Lieber Herr Schnabel,
ich möchte Ihnen in zwei Dingen widersprechen. Zum einen darin, dass Werkstattbeschäftigte bei einer Vermittlung auf den Arbeitsmarkt die betriebsüblichen Anforderungen und das Arbeitstempo erfüllen müssen, dass von anderen Beschäftigten verlangt wird. Für eine Minderleistung erhält der Arbeitgeber ja gerade den Minderleistungsausgleich. Zum anderen ist es nicht richtig, dass Werkstattmitarbeiter mit den drei Millionen Arbeitslosen konkurrieren. Werkstattbeschäftigten müssen sich nicht den üblichen Bewerberverfahren unterziehen, bei dem sie in der Tat kaum eine Chance hätten. Ihre Vermittlung gelingt vielmehr mit dem Modell der Unterstützten Beschäftigung. Es umgeht die Stellenausschreibungen und sucht über individuelle Absprachen mit dem Betrieb eine passgenaue Tätigkeit. Die Betriebe müssen die Beschäftigten nicht selber einarbeiten und sind im Krisenfall mit dem Problem nicht allein. Sie zahlen die Leistung, die der Beschäftigte tatsächlich erbringt. Das Ganze ist also eine „Vermittlung durch die Hintertür“.
Wie erfolgreich dieses Vorgehen sein kann, beweist die Hamburger Arbeitsassistenz. Sie hat in über 20 Jahren ca. 20% der Werkstattberechtigten mit geistiger Behinderung in Hamburg in tariflich entlohnte Arbeit vermittelt, die meisten von ihnen sogar ohne eine dauerhafte Lohnkostensubvention. Das zeigt auch, dass Sie mit ihrer Prognose einer möglichen Vermittlungsquote von 5 % zu niedrig liegen. In Hamburg können die Werkstätten mit dieser Konkurrenz gut leben.
Warum Sie auf einer bundeseinheitlichen Regelung beim Lohnkostenzuschuss im Budget für Arbeit bestehen, ist mir unklar. Wenn Hamburg mehr Lohnkosten übernimmt als Sachsen, werden Ihre Beschäftigten kaum von Leipzig nach Hamburg ziehen.
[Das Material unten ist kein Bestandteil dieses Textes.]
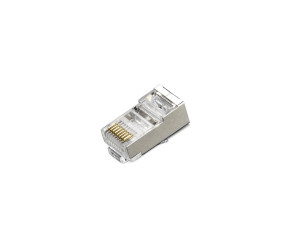 АЙКЮКМ Конектор RJ45 STP cat5e-s - Фото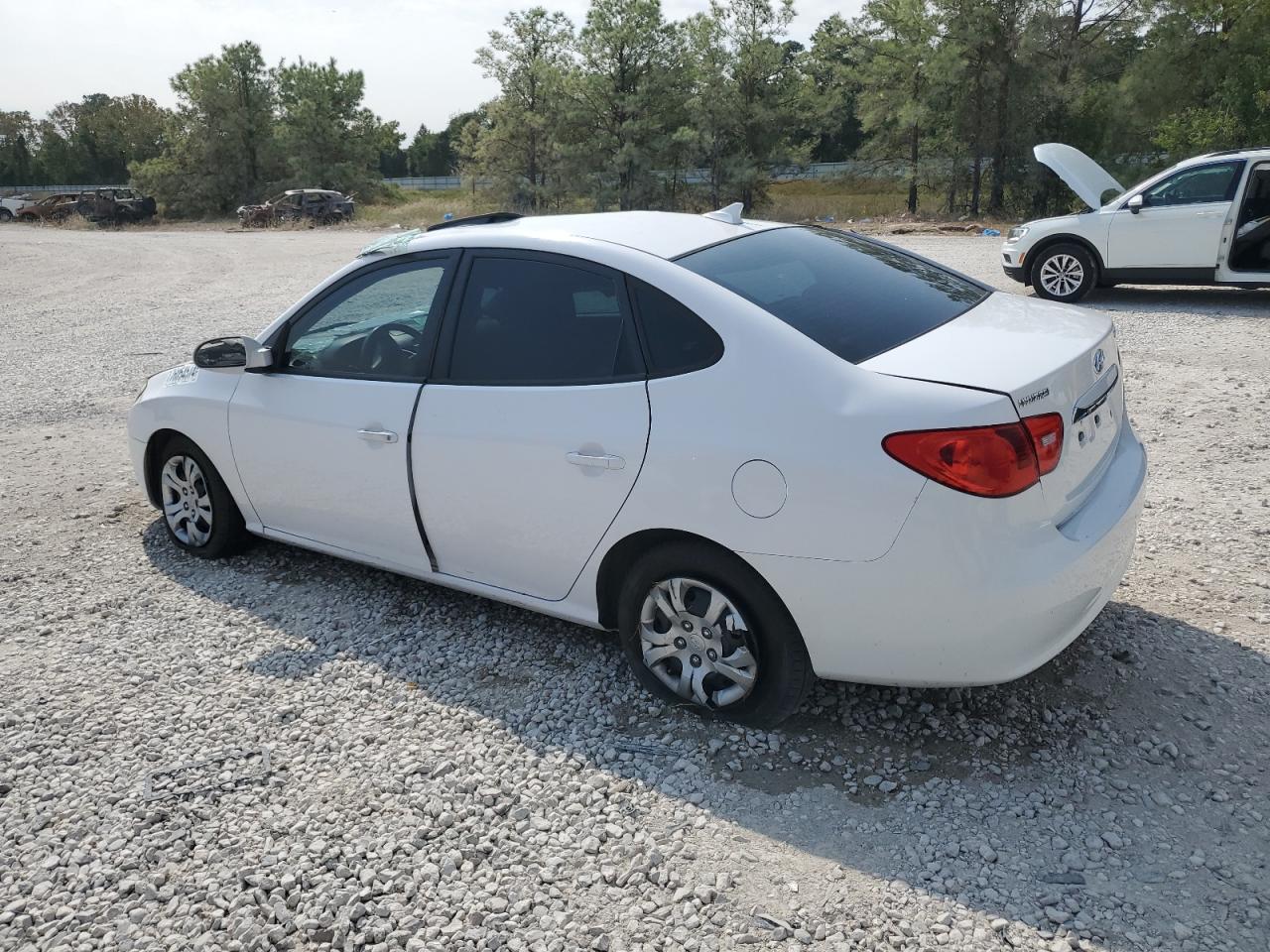 Lot #2955422682 2010 HYUNDAI ELANTRA BL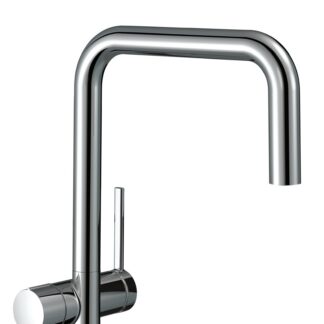 hansgrohe 1-gat keukenmengkraan u chroom hans grohe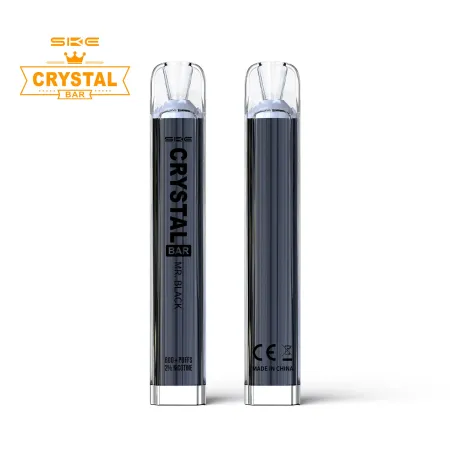 SKE Crystal Bar 600 - PreFilled POD Kit - Berry Ice 2% Or 20mg Nic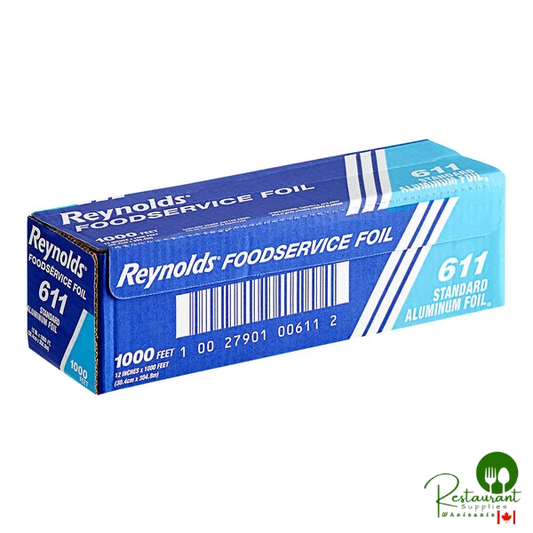 Reynolds Foodservice 12" x 1,000' Standard Aluminum Foil Roll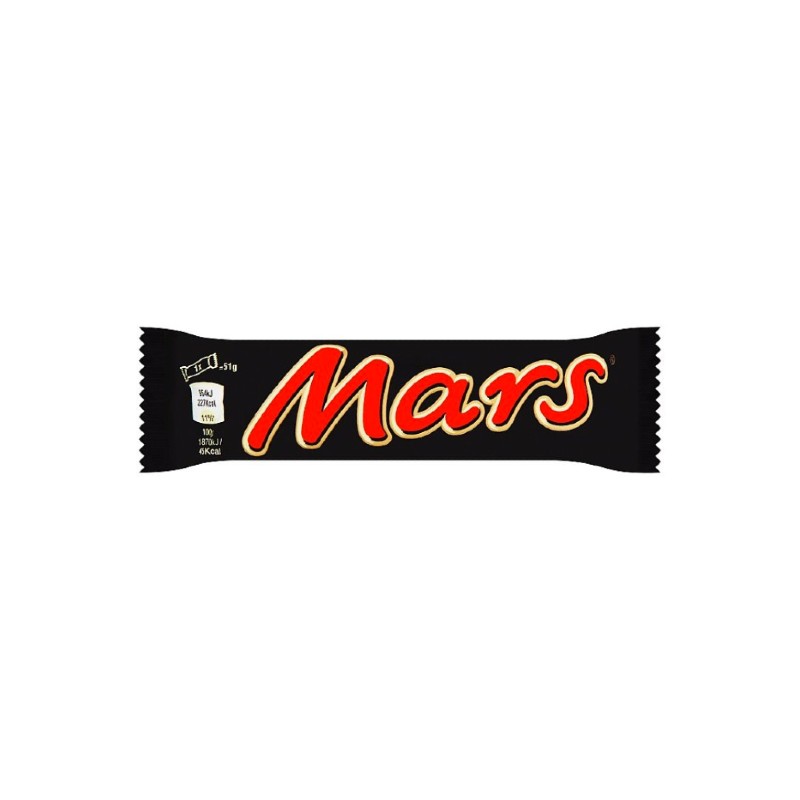 Mars Milk Chocolate Filled With Nougat 51g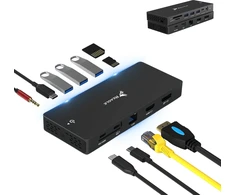 Šakotuvas Stotis / replikatorius Triton REAGLE USB-C (RHUB93C)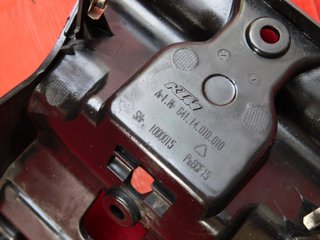 SCOCCA COVER SUPPORTO FARO ANTERIORE KTM DUKE 790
Mir macht mehr Sorge, dass der Gesetzgeber die Leistungsträger beim Budget für Arbeit und bei den anderen Anbietern ermächtigt, Leistungen ohne weitere Begründung nicht zu gewähren. Das erscheint mir willkürlich und steht der intendierten Wahlfreiheit entgegen.
Ansonsten stimme ich mit Ihnen überein, dass die Neuregelungen für die berufliche Teilhabe im BTHG ein Schritt nach vorne sind. Wie sich auswirken, werden die nächsten Jahre zeigen.